Kehidupan Elly di Jakarta berlangsung sederhana hingga suatu hari, sasana tempat Elly berlatih didatangi oleh seorang promotor tinju bernama Boy Bolang, dan di sinilah perjalanan karir Elly sebagai petinju profesional resmi dimulai.
Cerita yang Menggugah dan Visual yang Memukau
Cerita dari series Ellyas Pical ini menggunakan pola zero to hero yang standar dipakai pada film-film atau serial bertema olahraga. Hal ini terlihat dari bagaimana sang filmmaker menggambarkan Elly yang awalnya bukan siapa-siapa hingga menjadi superstar setelah menjadi juara dunia. Dan ceritanya pun tidaklah terlalu rumit dan friendly dengan penonton awam yang tidak paham soal olahraga tinju.
Ceritanya dideliver hingga terasa seperti Rocky-ish alias ada rasa-rasa dari franchise Rocky dan kadang begitu sudah masuk ke adegan pertandingan tinju, Elly di plot seperti tokoh utama anime Shonen yang bertarung dengan segenap kekuatan dan dengan support yang melimpah dari timnya. Plotnya disusun dengan solid dan padat dengan tetap memperhatikan akurasi sejarah dan realita sosial di era yang menjadi setting waktu cerita.
Visualnya terasa sangat megah, tidak seperti tipikal serial buatan Indonesia. Desain produksi, sinematografi, hingga adegan fighting di ring tinju, terasa sangat menggugah dan memancing adrenalin penonton untuk naik. Sisi sinematografi patut mendapat highlight di sini, terasa megah dan sulit digambarkan dengan kata-kata, saking bagusnya.
Casting yang Solid dan Elemen Diversity yang Kental
Denny Sumargo sebagai Ellyas Pical, saya harus akui beliau melakukan pekerjaannya dengan sangat baik. Seketika sosok Densu yang kocak dan terkenal sebagai Pebasket Sombong di Youtube luntur, tergantikan dengan sosok Ellyas Pical yang sangat berbeda dengan dirinya.

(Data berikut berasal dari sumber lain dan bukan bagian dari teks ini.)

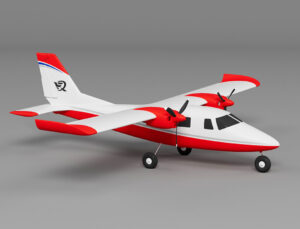 XFLY P68 TWIN 850MM WINGSPAN WITHOUT TX/RX/BATTERY - RED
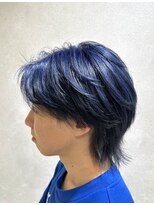 アッシュ 八王子店(Ash)&nbsp;【 ブルーカラー＆ウルフカット 】ブリーチカラー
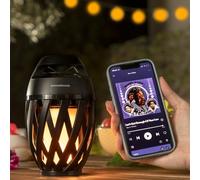 Altavoz 3En1 Inalámbrico Con Led Efecto Llama Multifunción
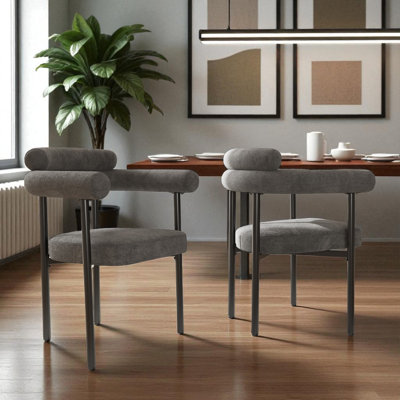 Dining Chairs Set Of 4 Upholstered Armchairs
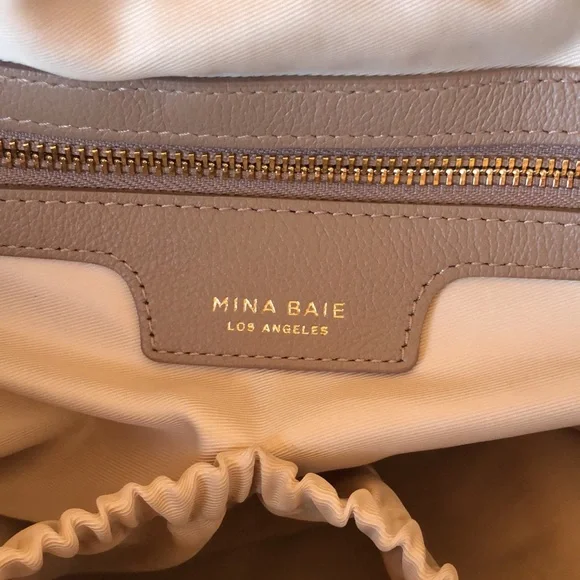 MINA BAIE Emmy Full Taupe Backpack Satchel Crossbody Travel Bag Diaper Bag - Picture 8 of 11
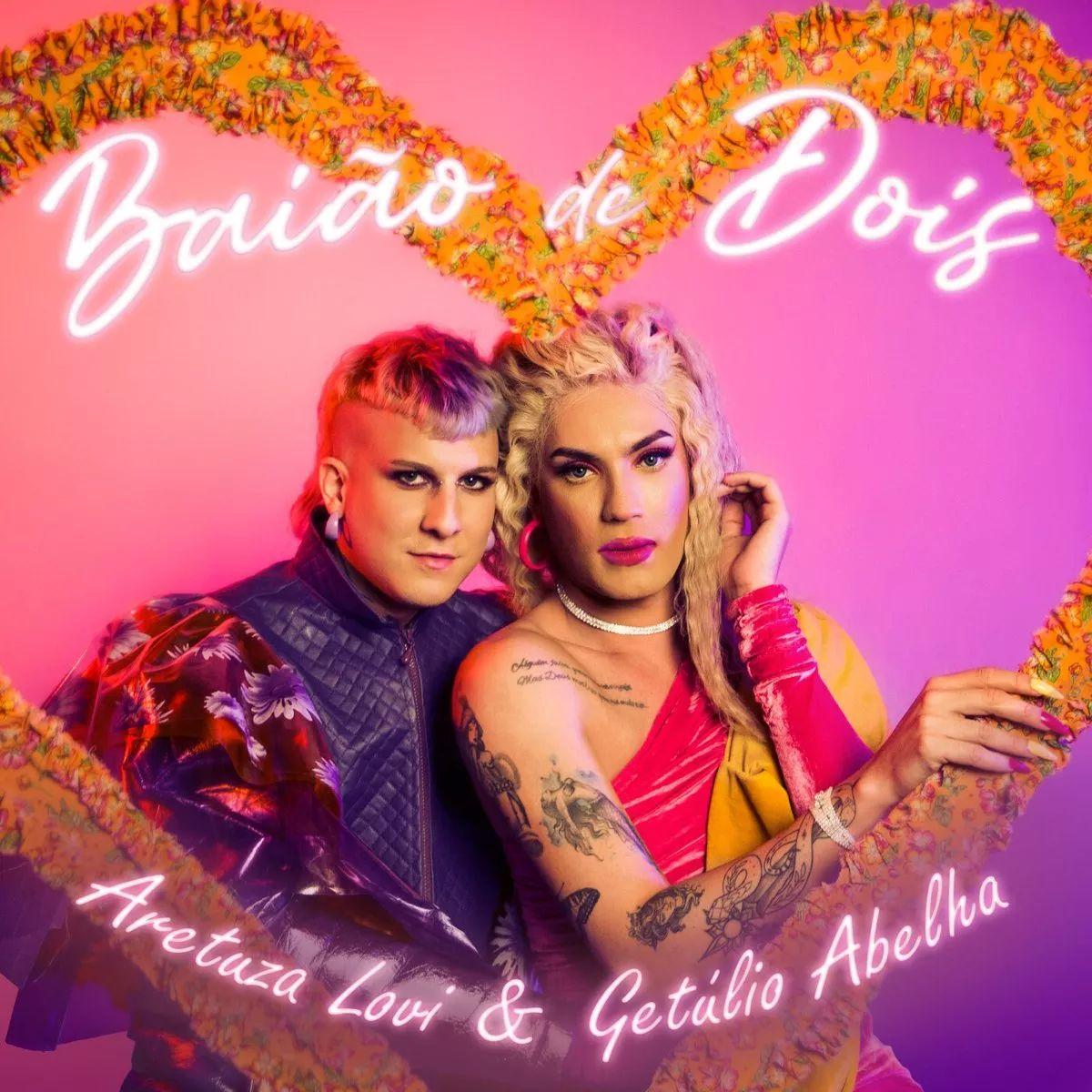 Portada de Sencillo/EP "Baião de Dois", de Aretuza Lovi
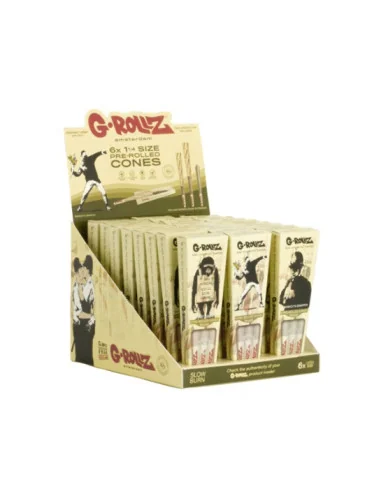 CONOS G-ROLLZ 1 1/4 ORGANIC HEMP 6 X 24 UDS...
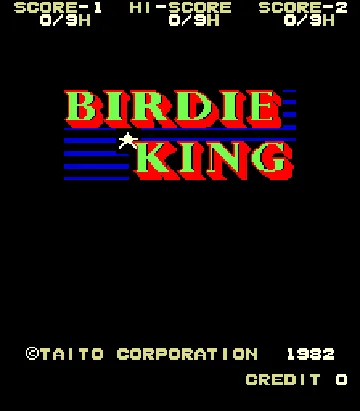 Birdie King screen shot title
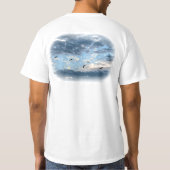T-shirt Chemise Beachhouse et Pélicans (Dos)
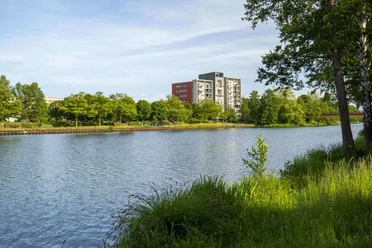 Blick auf "Insel" Eisenhüttenstadt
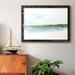 Wexford Home Green Ribbon Coast I - Single Picture Frame Print on Canvas Canvas, Solid Wood in Blue/Gray/Green | 28 H x 42 W x 1.5 D in | Wayfair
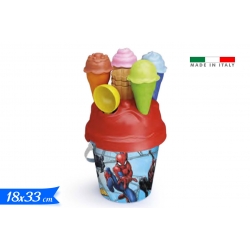 SECCHIELLO DIAM.18 SPIDER-MAN+CONI GELAT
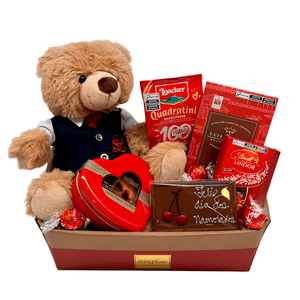 Cesta Presente Dia dos Namorados Seleção Chocolates II - 7 itens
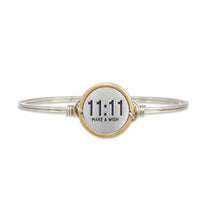Load image into Gallery viewer, 11:11 MAKE A WISH BANGLE BRACELET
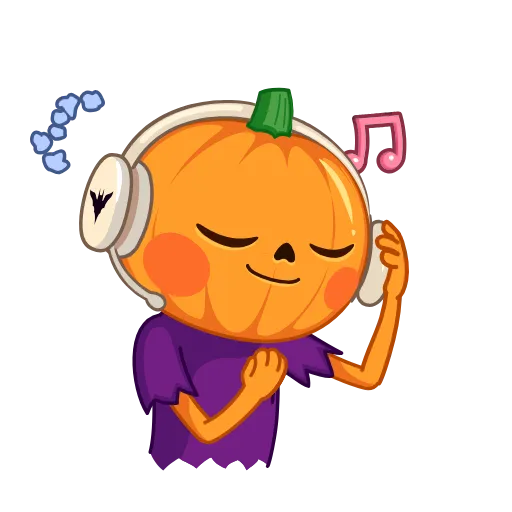 🎧 Эмодзи «Хеллоуинсая Тыква» для Telegram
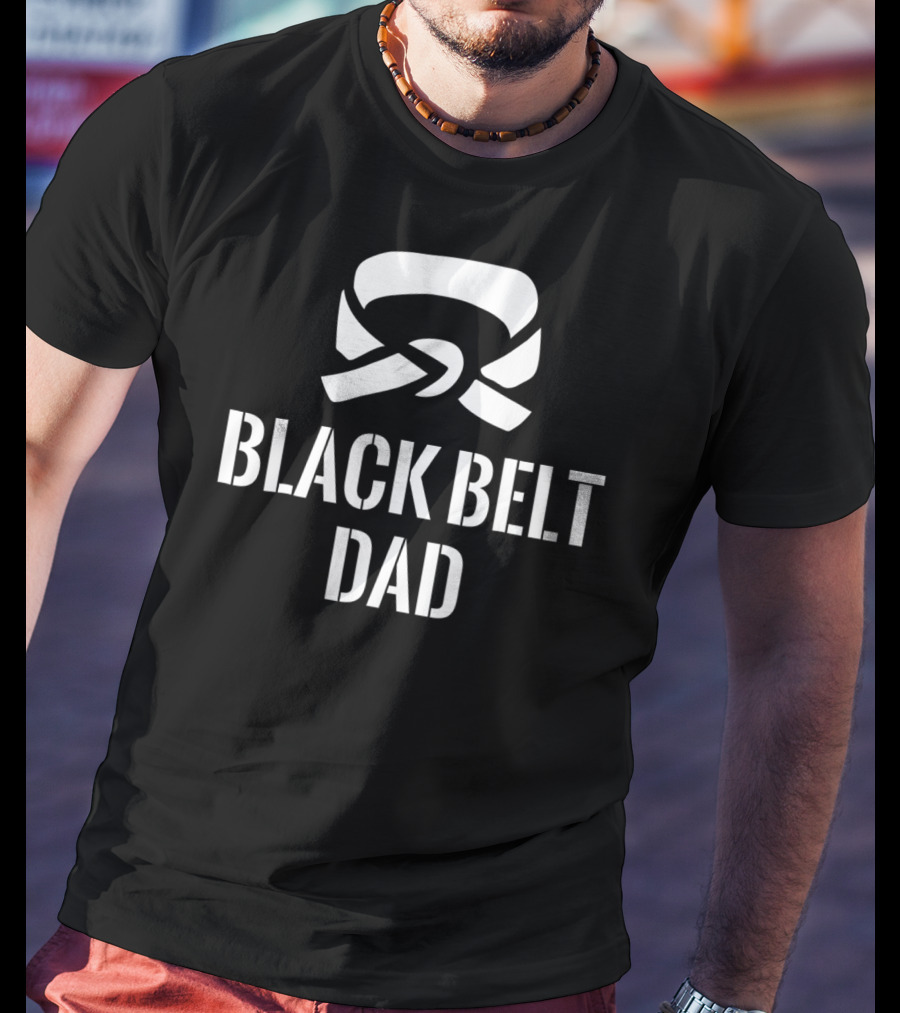 Black Belt Dad Karate T-Shirt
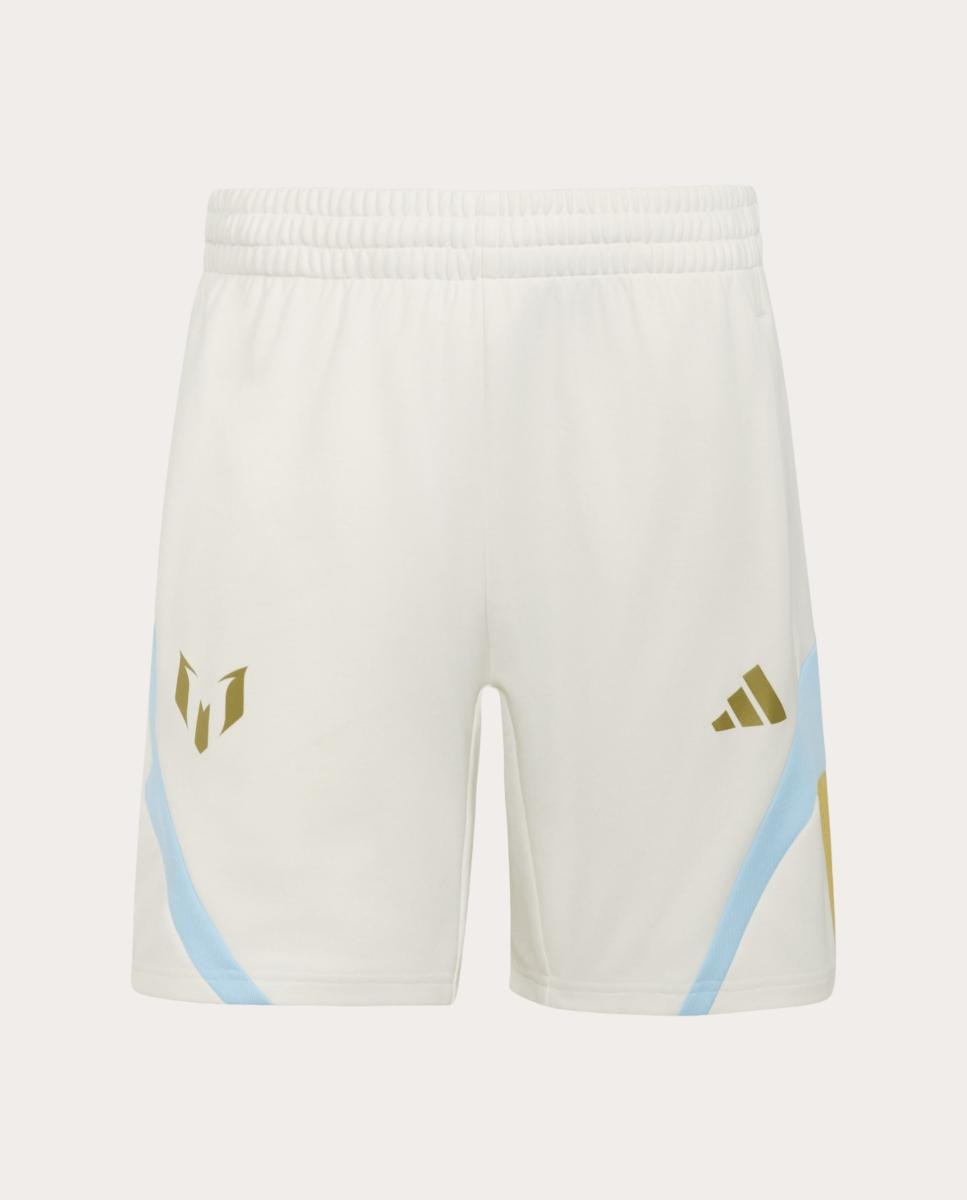 Calções de Homem Messi Branco-8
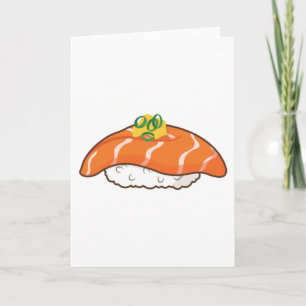 Carte Sushi Saumon Kawaii - Kawaii Foodies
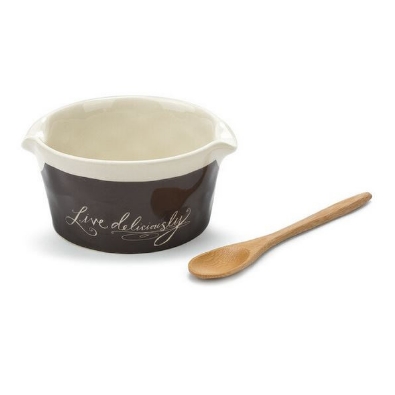 Live Deliciously Appetizer Bowl and Spoon by Demdaco

Give this L...
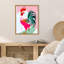 «Rooster» par Maupin, reproduction d'art sur toile encadrée-1914710516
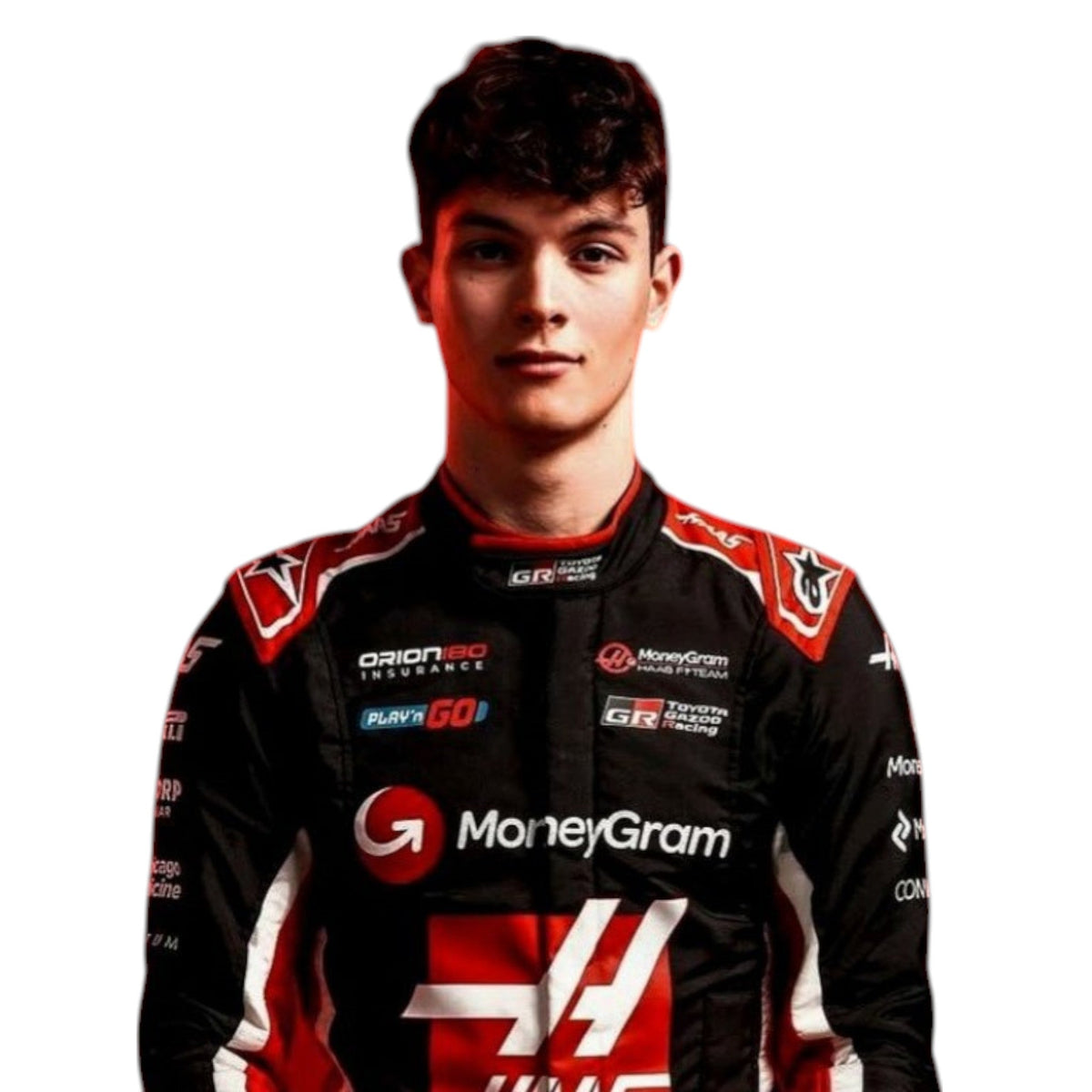 Oliver Bearman 2025 Haas F1 Race Suit - Grid X Racegearss image 1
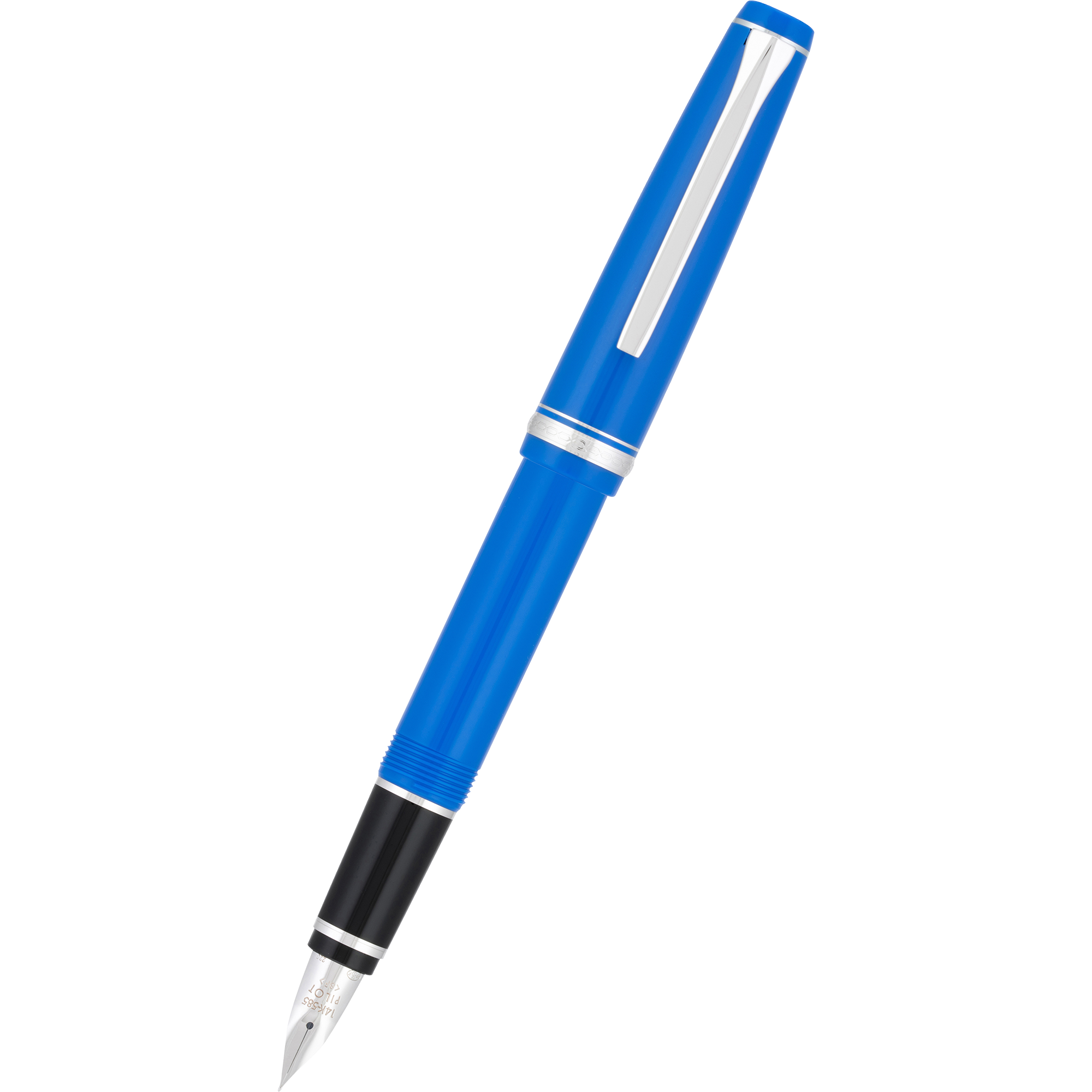 Pilot Falcon Fountain Pen - Marine Blue - Rhodium Trim-Pen Boutique Ltd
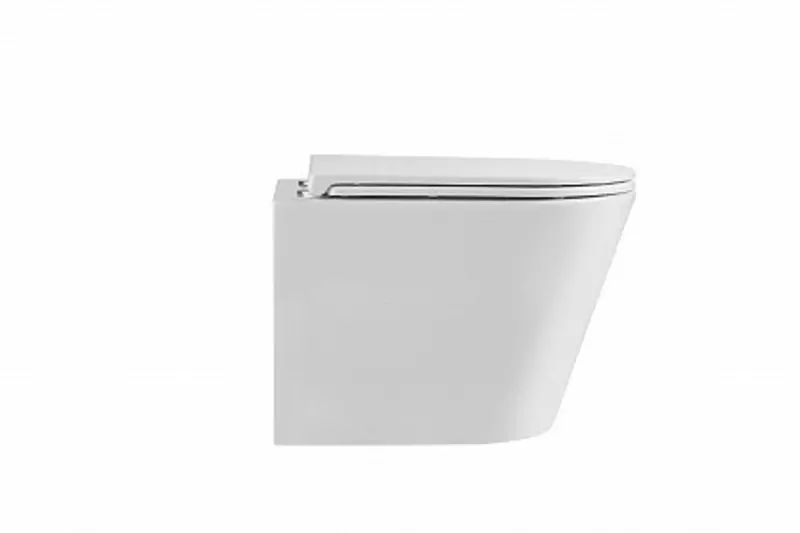 Подвесной унитаз безободковый Terminus Классик S 02SW51x35W с сиденьем дюропласт с микролифтом белое 19239₽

Christine Hakim sebagai aktris senior pun juga menampilkan akting yang sangat kelas, dan mampu untuk memperlihatkan sosok ibu yang bijak dan suportif. Aktor-aktor lain seperti Darius Sinatrya, Donny Alamsyah, dan alm. Yayu Unru, semua memperlihatkan akting kelas tinggi yang saya jarang lihat di film Indonesia.
Dan, karena Ellyas Pical adalah orang Saparua, tak lupa elemen-elemen seperti logat bahasa Indonesia ala timur, hingga situasi masyarakat Maluku yang didominasi oleh masyarakat Kristen turut menjadi sorotan. Sebuah cara untuk memperlihatkan secara eksplisit bahwa Indonesia bukan hanya sekedar Jawa saja, melainkan dari Sabang membentang jauh hingga Pulau Merauke. Elemen diversitynya sangat tidak dipaksakan dan bahkan bisa membaur dengan baik dengan cerita filmnya, tidak terasa out of place sama sekali.
Mengakhir review ini, Ellyas Pical sangat cocok ditonton oleh generasi Z untuk mengetahui sosok Elly pada masa jayanya. Cerita yang solid, pacing yang stabil, visual yang memanjakan mata, hingga aktor-aktris dengan skill akting kelas tinggi yang mereka tampilkan, membuat 6 jam series ini terasa worth it dan terasa sangat puas begitu penulis menyelesaikan series ini. Bisa teman-teman tonton di Prime Video.